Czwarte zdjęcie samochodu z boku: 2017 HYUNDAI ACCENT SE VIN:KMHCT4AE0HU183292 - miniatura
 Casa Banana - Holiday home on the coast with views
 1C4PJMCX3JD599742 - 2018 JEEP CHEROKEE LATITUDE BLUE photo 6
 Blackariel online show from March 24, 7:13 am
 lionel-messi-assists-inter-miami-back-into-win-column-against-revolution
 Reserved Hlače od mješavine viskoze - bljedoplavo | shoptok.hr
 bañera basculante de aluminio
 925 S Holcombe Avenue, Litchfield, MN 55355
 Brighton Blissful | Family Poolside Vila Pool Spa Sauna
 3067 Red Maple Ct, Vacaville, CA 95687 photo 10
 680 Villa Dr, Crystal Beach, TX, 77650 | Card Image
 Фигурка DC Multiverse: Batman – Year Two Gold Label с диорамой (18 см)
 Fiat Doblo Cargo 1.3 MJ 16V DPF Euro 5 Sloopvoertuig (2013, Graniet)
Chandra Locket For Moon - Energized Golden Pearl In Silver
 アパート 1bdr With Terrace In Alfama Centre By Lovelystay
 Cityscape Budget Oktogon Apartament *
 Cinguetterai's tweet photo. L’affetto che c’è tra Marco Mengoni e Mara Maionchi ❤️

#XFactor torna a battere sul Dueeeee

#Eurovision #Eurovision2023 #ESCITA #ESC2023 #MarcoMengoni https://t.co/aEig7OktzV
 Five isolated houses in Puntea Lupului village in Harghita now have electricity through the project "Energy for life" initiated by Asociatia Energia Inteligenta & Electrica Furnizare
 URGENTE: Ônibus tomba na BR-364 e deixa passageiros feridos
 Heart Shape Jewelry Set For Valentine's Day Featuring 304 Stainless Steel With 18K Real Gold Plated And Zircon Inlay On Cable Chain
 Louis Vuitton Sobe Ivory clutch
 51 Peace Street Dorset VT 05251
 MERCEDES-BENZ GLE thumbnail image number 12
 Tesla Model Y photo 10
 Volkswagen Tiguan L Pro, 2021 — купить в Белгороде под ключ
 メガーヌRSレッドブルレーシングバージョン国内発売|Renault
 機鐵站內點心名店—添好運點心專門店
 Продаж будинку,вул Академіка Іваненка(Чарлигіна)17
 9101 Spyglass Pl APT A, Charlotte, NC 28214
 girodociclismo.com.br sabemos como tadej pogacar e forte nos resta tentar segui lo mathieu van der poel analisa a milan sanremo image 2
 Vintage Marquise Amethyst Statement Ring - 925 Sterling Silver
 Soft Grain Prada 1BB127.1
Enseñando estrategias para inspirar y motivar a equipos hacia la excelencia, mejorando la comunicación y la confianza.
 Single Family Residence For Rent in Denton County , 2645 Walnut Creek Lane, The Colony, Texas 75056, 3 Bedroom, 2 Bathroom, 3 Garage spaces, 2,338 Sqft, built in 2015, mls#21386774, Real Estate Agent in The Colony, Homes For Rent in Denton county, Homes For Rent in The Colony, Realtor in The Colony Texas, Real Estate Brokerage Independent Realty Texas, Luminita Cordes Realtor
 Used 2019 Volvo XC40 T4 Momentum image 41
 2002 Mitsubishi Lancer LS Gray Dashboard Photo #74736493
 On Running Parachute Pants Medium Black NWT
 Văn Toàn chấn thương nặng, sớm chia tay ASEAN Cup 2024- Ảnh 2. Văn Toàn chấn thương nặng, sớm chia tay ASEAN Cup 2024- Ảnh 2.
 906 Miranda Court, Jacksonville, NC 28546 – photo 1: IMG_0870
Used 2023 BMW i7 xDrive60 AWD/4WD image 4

________________________

Problem to work on: Return, with no change at all, every line in the entries above from the line containing "機鐵站內點心名店—添好運點心專門店" through the line containing "girodociclismo.com.br sabemos como".

Answer section:
 機鐵站內點心名店—添好運點心專門店
 Продаж будинку,вул Академіка Іваненка(Чарлигіна)17
 9101 Spyglass Pl APT A, Charlotte, NC 28214
 girodociclismo.com.br sabemos como tadej pogacar e forte nos resta tentar segui lo mathieu van der poel analisa a milan sanremo image 2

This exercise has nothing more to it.